The link between non-refoulement and IDPs
The link between non-refoulement and IDPs may be illustrated some examples. The Russian annexation of Crimea in early 2014. Human rights organizations such as the Human Rights Watch has expressed concern over Russia’s actions in occupied Crimea.
In the situation of an IDP fleeing from Russian occupation of Crimea for fear of persecution from Russian forces, he or she may not be entitled to the same protection as refugees, since the IDP is not crossing an international border. The IDP is especially vulnerable where the State of Ukraine is unable or unwilling to offer protection. Here, the question of internal flight alternative (as in the case for determining refugee status) does not exist or may not be applicable, given the IDP is unable to gain protection from the State of Ukraine elsewhere.

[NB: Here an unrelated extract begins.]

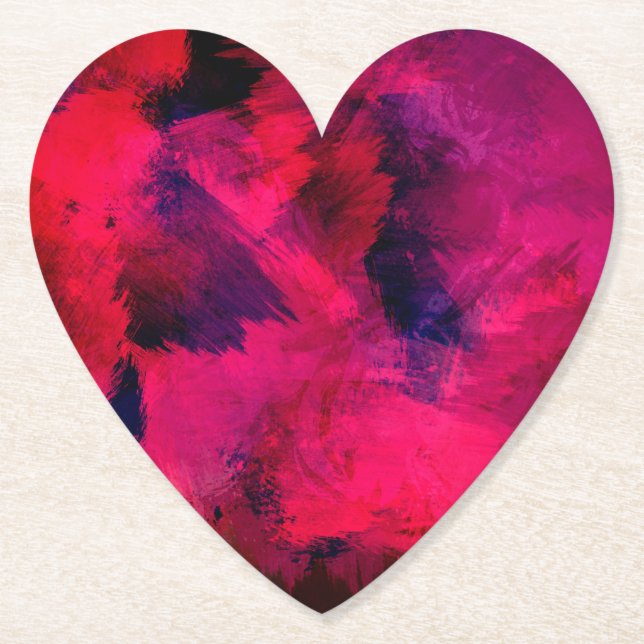 Dessous-de-verre En Papier Rouge foncé et violet Gras & Abstrait moderne (Devant)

Since IDPs are not within the core mandate of the UNHCR, no protection or humanitarian assistance from international agencies is available. Further, given the complexity of the situation between Russia and Ukraine, the international community may be reluctant to intervene – this is despite the United Nation’s obligation to prevent human rights violations such as non-refoulement from taking place pursuant to Article 55 of the Charter of the United Nations. The European Union, for instance, has issued a detailed study on enhancing the national legal framework in Ukraine for protecting the human rights of IDPs in 2016, especially to address the massive flows of IDPs from eastern Ukraine as a result of the armed conflict with Russia.
The question remains, however, on whether non-refoulement obligations may apply if an individual has not been able to leave Crimea. In that scenario, the IDP cannot be ‘returned’ to Crimea, if he or she never ‘left’.
Another situation which warrants discussion is the Syrian IDP problem. According to UNHCR estimates, there are currently 6.5 million people, including 2.8 million children, displaced within Syria, which is the biggest IDP population in the world. If one accepts that non-refoulement would apply in the situation of IDPs, as argued above, IDPs displaced within internal borders of Syria (thus not refugees) but under occupied power of rebel groups or forces should be protected from being sent back to occupied territories within Syria, where they may face threats to their lives or freedom. In practice, this would mean that Syrian IDPs fleeing internally from persecution or situations of generalized violence, would be protected from being sent back to parts of Syria where they fled (such as rebel-occupied territories). There is UNHCR support for the application of non-refoulement to IDPs, in particular in its Handbook for the Protection of Internally Displaced Persons.
As the Crimean and Syrian examples show, protection for IDPs requires more attention from the international community. One way of enhancing such protection for IDPs is by recognizing the need to protect IDPs from refoulement to situations where they may face massive violations of human rights, even where they may not be crossing an international border.
Concluding Remarks
The above served as a brief sketch of the underlying problems around legal protection for IDPs. It has been demonstrated that, despite this gap in the law, the very basic protection for IDPs such as protection from refoulement should be safeguarded. It is the hope that this blog post can raise awareness on the need for enhanced protection for those being forcibly displaced internally.